ETYMOLOGICAL FACTS AND REASONS.

§ 232. The question may arise whether rane-deer or reindeer is the true spelling. In favor of the first, it can be said that rane is the normal representative of the sound in the spoken language, whereas rein is an anomalous representative of that sound, and the ei might, by a foreigner, be confounded or identified with the ei in deceit and in either. The word is derived from the Saxon hrana or hranas. Its etymology thus settles its true spelling.

The primary object of writing and spelling is to express the sounds of the language. But beyond this primary object there is, with the orthographical systems of many languages, a secondary one, namely, to combine with the representation of the sound of a given word the representation of its history and origin. The sound of c in city is the sound that we naturally spell with the letters; and if the expression of this sound were the only object of orthographists, the word would be spelled, accordingly, sity. The following facts traverse this simple view of the matter. The word is a derived word; it is transplanted into our language from the Latin, where it is spelled with a c (civitas), and to change this c into s conceals the origin and history of the word. In cases like this, the orthography is bent to a secondary end by the etymology. On the same ground, lodestone and lode-star are preferable to load-stone and load-star. Lode was the ancient form, and distinguished literati in England and America seem disposed to employ this form.

THE

ANALOGIES OF THE ENGLISH LANGUAGE.

§ 233. The question may arise whether, upon the addition of the formative er to the word travel, the I should be doubled; in other words, whether traveler or traveller is the correct spelling. It is a remark in the Cambridge Philological Museum, "that there is something extremely unpleasant in such a mass of letters as one finds accumulated in travelled, in an unaccented syllable." What, however, seems to settle the correct orthography of the word is the analogy of the language. It is a rule in the English language, "that verbs ending in a single consonant, but having the accent on the syllable preceding the

last, ought not to double the final consonant." According, then, to the analogy of the language, er should be added, and nothing

more.

Between the two forms highth and height use is perhaps divided, the first having the authority of Milton and some eminent modern writers, like Walter Savage Landor. This form can be defended not so much on the ground of throwing out the useless letter e, as on that of its being in analogy with high, from which it is derived. So to clothe (not cloath) is in analogy with cloth; lofthe is in analogy with loth; cloke (rather than cloak) is in analogy with a large class of words, and is the ancient form.

CHANGE OF PRONUNCIATION.

§ 234. Moreover, modes of spelling which at one time were correct, may, by a change of pronunciation, become incorrect, so that the orthography becomes obsolete whenever there takes place a change of speech without a corresponding change of spelling.

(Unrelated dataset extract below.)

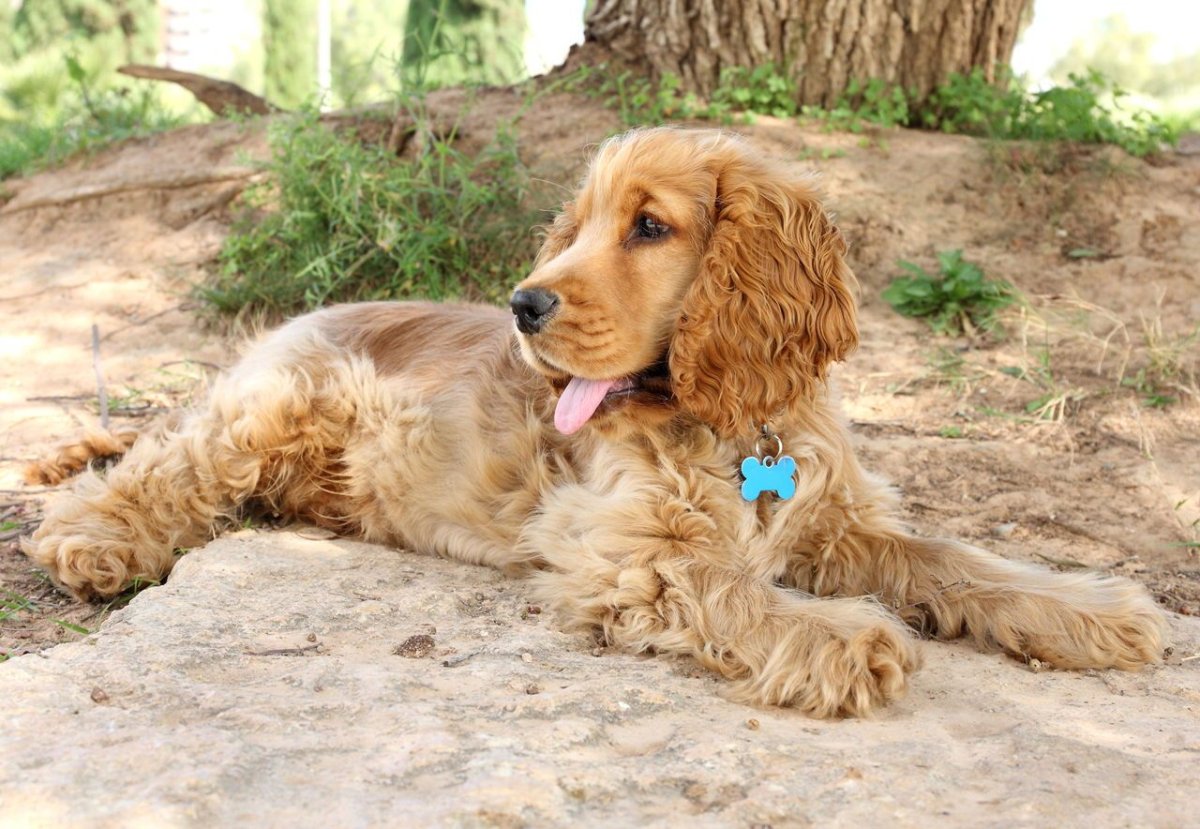 Кокер спаниель маленький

If the letter y, in the first syllable of the word chymistry, represented the vowel sound generally given in pronunciation to that word at the time Johnson wrote his Dictionary, then he accomplished the true end of orthography by spelling it as it was pronounced; but if afterward there was a general change in the pronunciation of the word, so that the letter y no longer represented the sound heard in that syllable, then, on that ground, the change ought to be made from y to e, if the letter e represents that sound; but if the letter e does not represent the sound heard in speaking so well as y, or its equivalent, i, then y or i should be employed to represent that sound. If, in addition, the etymology of the word, derived from the Arabic kimia, points to i, if the analogy of some other languages points the same way, the French spelling it chimie, the Spanish chimia, the Italians chimica, there is strong reason for spelling it either with i or y in the first syllable. This statement is brought forward, not for the purpose of showing the true spelling of the word, about which nothing is asserted except conditionally, but for the sake of showing what kind of reasoning can be adopted by an orthographist in settling the spelling of a word.